The deal, worth a reported 660 million Euros, could be made binding as early as the end of the month and would see the Chinese company own a 51 per cent stake in Opel, but analysts say that GM will only consider the offer if the Magna deal falls through.
If the deal were to be completed, BAIC would be the main shareholder in both Opel and its British sister brand Vauxhall, leaving GM with 49 percent.
This remaining share would then be divided between Magna International, which would take a 20 per cent stake, and Russian partner Sberbank 35 per cent.
The remaining percentage would be owned by Opel dealers and employees.
Industry watchers still believe Magna's consortium is the front-runner to buy Opel, but GM has said it is taking to other potential buyers for Opel including Belgium-based holding company RHJ International and BAIC, which builds Mercedes-Benz and Hyundai cars in China with analysts pointing out BAIC is keen to expand out of its domestic market.
One source close to BAIC said it entered the process comparatively late because GM was reluctant to involve it in the process at all, as the US carmaker does not want to create additional competition in China from Opel.

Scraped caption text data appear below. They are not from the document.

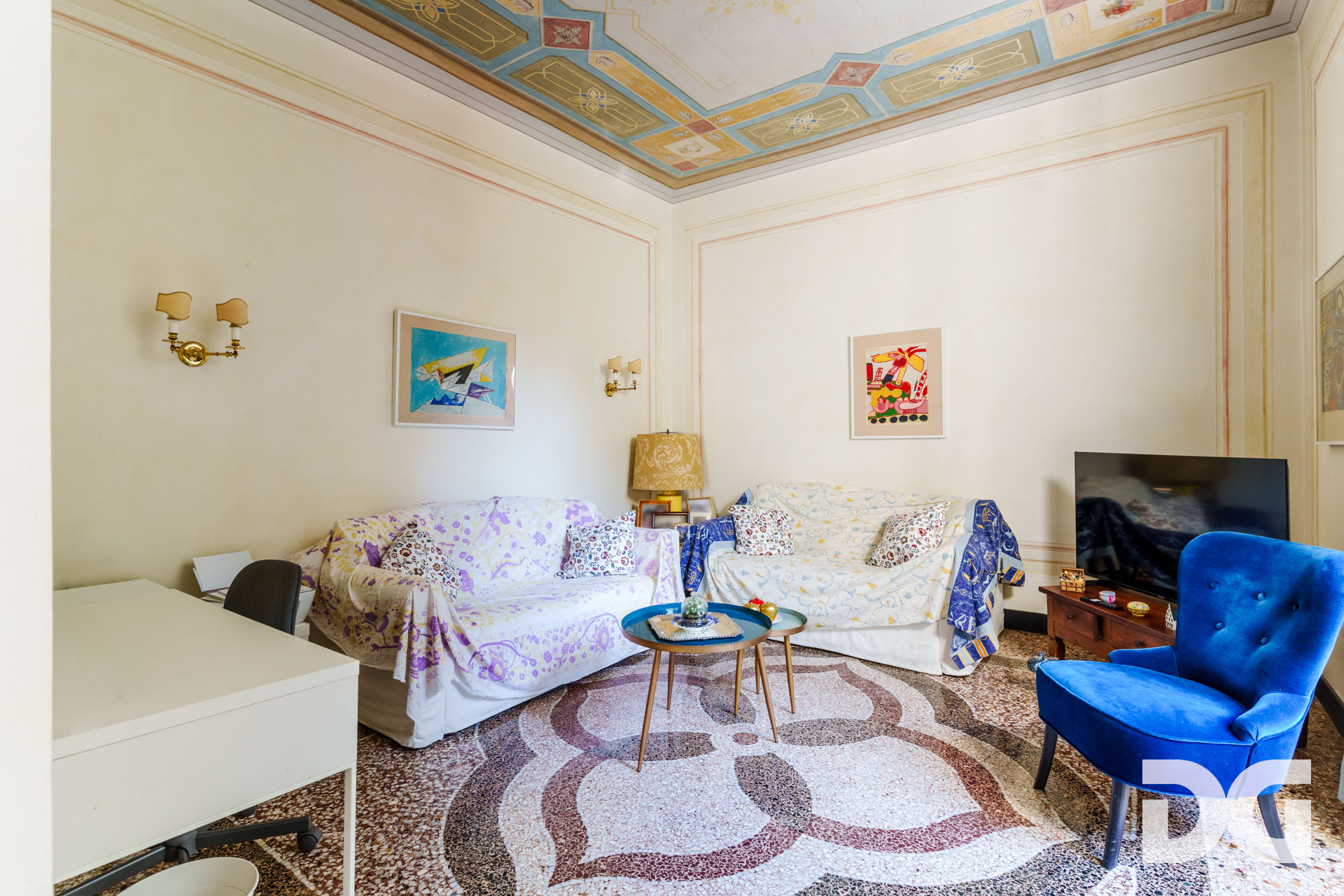 Immobiliare Del Guasta CASTELLETTO –  CORSO CARBONARA MQ. 207 CON GIARDINO, TERRAZZO E POSTO AUTO 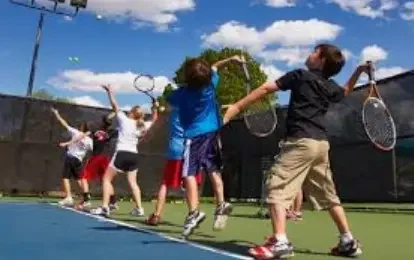 Спортивная секция по большому теннису для детей.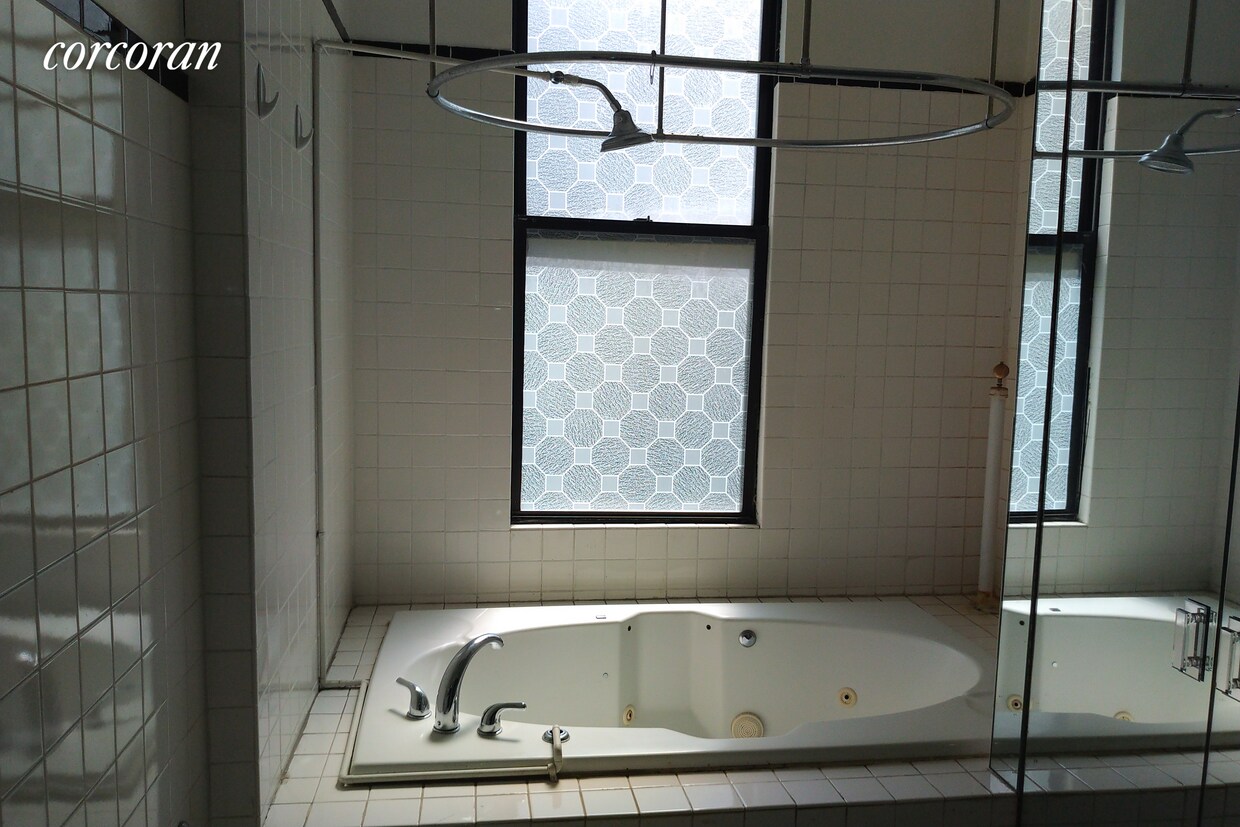Building Photo - 224 W 79th St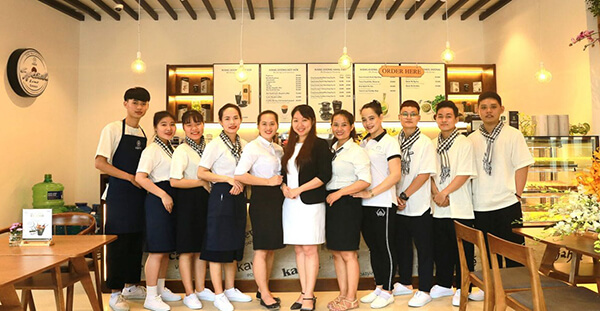 Đồng phục đơn sắc tinh tế, tối giản may-dong-phuc-quan-cafe-thomas-nguyen-uniform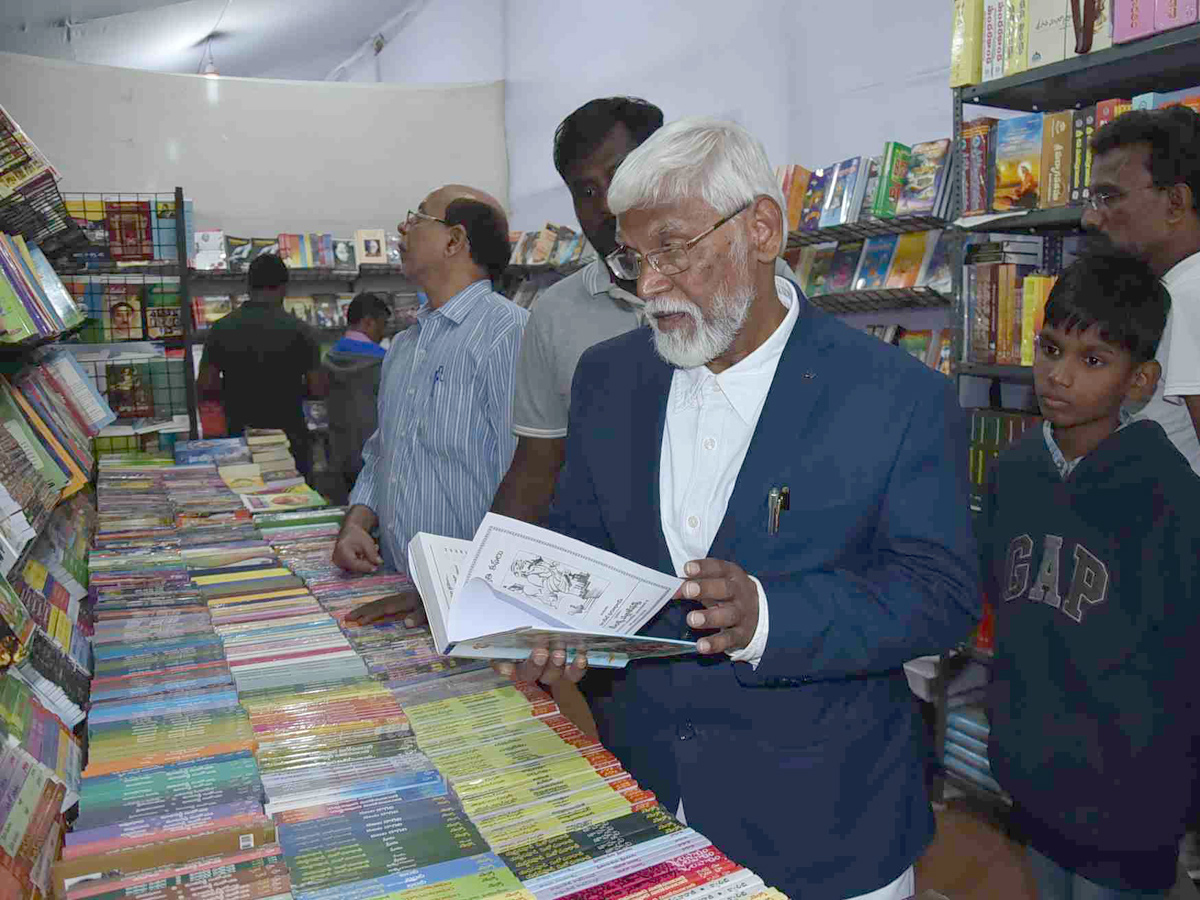 book fair hyderabad 2019 Photo Gallery - Sakshi6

Analysts believe the only way Magna's acquisition of Opel would collapse is if Magna withdrew its bid, forcing GM to then negotiate with another bidder like BAIC.
Fiat CEO Sergio Marchionne said on June 29 that his company is still interested in Opel despite Fiat withdrawing its bid in May.
GM can no longer afford to finance Opel and is selling majority control of the carmaker, which also includes plants in Britain, Spain, Belgium and Poland.
Germany, where most Opel plants are located, has provided 1.5 billion euros in finance to keep Opel alive until an outside investor is found.